Full-colour comics are only overwhelming if the artist hasn't been paying proper attention to their chosen colour-scheme!
@Kaykedrawsthings has already given solid advice, and I'll follow up on that.
Bright, primary colours might seem like a good idea at first, because they're intense and call for attention - but if you use ONLY bright, primary colours, the end-result is often an eye-searing mess. The eye tries to go everywhere at once, unable to pick which colour needs the most attention, and so the page looks busy and, well, loud, for lack of a better term.
The urge is certainly there to use primary colours, because, well, we all know that grass is green, right? And that water is blue, and so on.
Except that's not really the case. I mean, grass IS green, but can also be almost every other shade imaginable - dry, dead grass is yellow or brown, fresh and new grass is yellow-green, some species of grass are so dark green they're nearly blue, etc. Water isn't blue entirely on its own - it's mainly blue because it reflects the sky. If you head down to the seaside, you'll notice that sea-water can be a whole lot of different shades, from brown to bullet grey and every shade in-between.

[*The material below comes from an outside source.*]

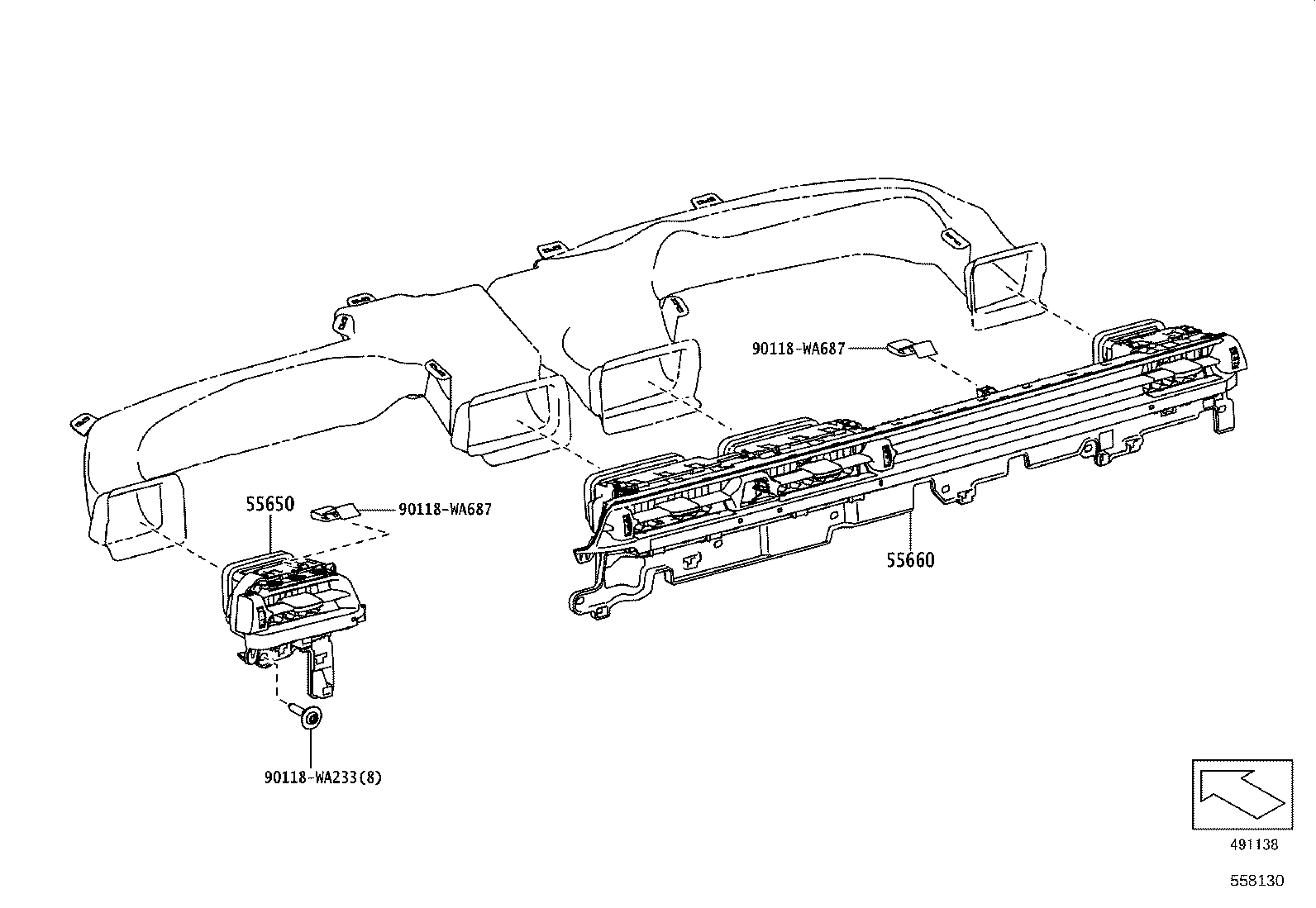 Figure 558130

Light matters a whole lot, as do the colour of the shadows. A bright, sunny day at noon looks different than an overcast day at 7am.
Cool colours - blues, greens and cold greys - give a different impression than warm colours - reds, yellows, oranges - so which temperature of colour you pick matters too.
Colouring is part science, part art, and it's tricky to get the hang of, but it's really fun to experiment with and I am deeply, deeply impressed by people who do it well.
It's time-consuming, to be sure, but speed is a matter of practise! A year ago, I was nowhere NEAR as fast in finishing a fully coloured page as I am right now.